En effet, ajoute la directrice des programmes de l’ONG FAD, aujourd’hui environ 50,3 % de la population nigérienne est constitué par les femmes. « L’inaccessibilité de la femme à la terre est un frein pour son propre développement et pour le développement de sa famille. Aujourd’hui, on le sait, dans les ménages particulièrement en milieu rural, ce sont les femmes qui ont la charge de la gestion de leur famille. Donc, en ayant accès à la terre, en jouissant de la terre, cela permettrait de se nourrir et de s’autosuffire alimentairement », souligne-t-elle.
Mariama Mamoudou Djibo s’inquiète du sort des femmes dans ces conditions de non accès aux terres agricoles. « Si ces femmes-là ne peuvent pas hériter de la terre, qui va s’occuper de ces femmes-là alors qu’elles n’ont pas de sources de revenus ? » s’interroge la directrice de Programme de l’ONG FAD. « Donc pour tout ceci, il est primordial, et même nécessaire que les femmes puissent avoir accès à la terre de manière effective. Il est unanime que sans la frange majoritaire de la population, on ne peut pas escompter un développement du pays. Et avec la cherté de la vie et les défis multiformes, il est indispensable que les femmes s’impliquent, de manière effective, dans la gestion du foncier», a-t-elle déclaré.
Dans la politique d’accès des femmes à la propriété foncière, le gouvernement nigérien, fournit des efforts afin d’apporter des solutions efficientes. Parmi ces efforts, figure la décision de l’octroi à la femme, aux jeunes et aux personnes en situation de handicap d’un minimum de 35 % des parcelles aménagées par l’État et les collectivités territoriales en priorisant les femmes chefs de ménage ; l’encouragement à la délivrance des actes fonciers au bénéfice des femmes, des jeunes et des personnes en situation de handicap ; et l’assouplissement des conditions de paiement des frais de délivrance des actes du Code rural pour ces derniers.
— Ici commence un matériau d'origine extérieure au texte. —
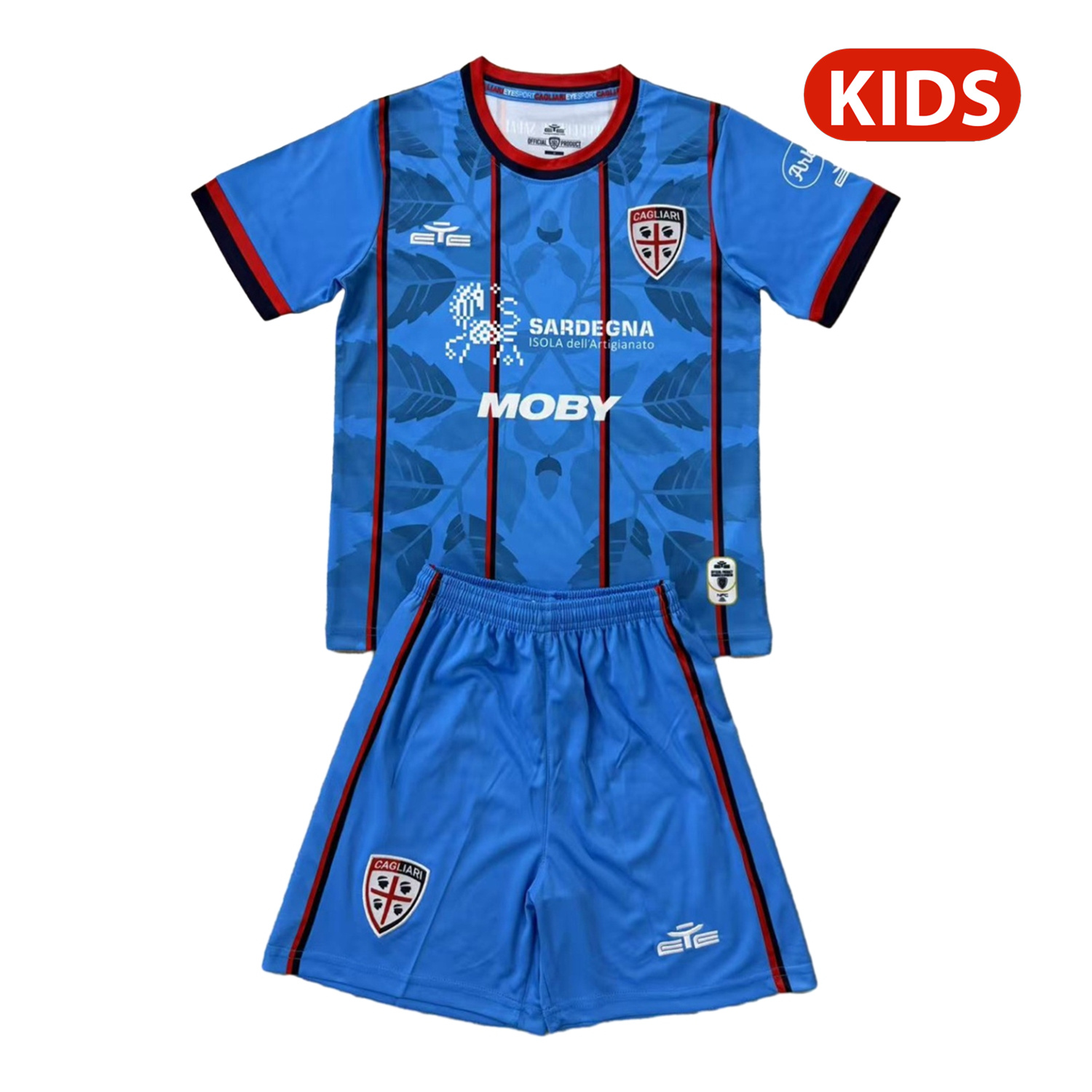 foot-Cagliari Calcio 25-26 Third Kids Kit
Du point de vue de la religion, l’islam n’interdit pas ce droit aux femmes comme l’explique Oustaz Moustapha Hamadou, membre du Conseil islamique du Niger. « Par rapport au foncier, la femme peut bel et bien avoir un foncier qu’elle va cultiver elle-même aux côtés de son mari. Le plus important, c’est que tout ce qu’elle fait, qu’elle le fasse avec le consentement de son mari et avec joie et avec lui. La femme comme l’homme peut hériter, posséder un terrain, qu’il soit un foncier de culture vivrière ou de logement » précise le leader religieux. « L’important de tout cela, c’est qu’on veut la protection de sa chasteté et de sa personnalité. Il y a beaucoup de versets qui ont dit cela et des hadits du prophète (PSL) qui sont venus étayer cela » ajoute-t-il.
Dans le coran, souligne-t-il, il est dit qu’il faut donner aux femmes leur bien matériel ou en nature de bon cœur. « Un autre verset du coran dit aux hommes et aux femmes de travailler ; ce travail peut être un travail de culture de la terre, travailler les terres, travailler tout ce que vous pouvez pour survivre, Allah appréciera vos efforts et vous récompensera en conséquence. Donc vous voyez à partir de cet instant-là vous ne pouvez pas refuser à une femme ce droit là » ajoute-t-il.
En définitive, il reste encore beaucoup à faire pour garantir une égalité totale en matière de droit foncier au Niger. Mais il y a des signes encourageants de progrès. Il est essentiel de continuer à sensibiliser et à travailler pour éliminer les obstacles auxquels les femmes sont confrontées et pour promouvoir une société plus équitable et plus inclusive.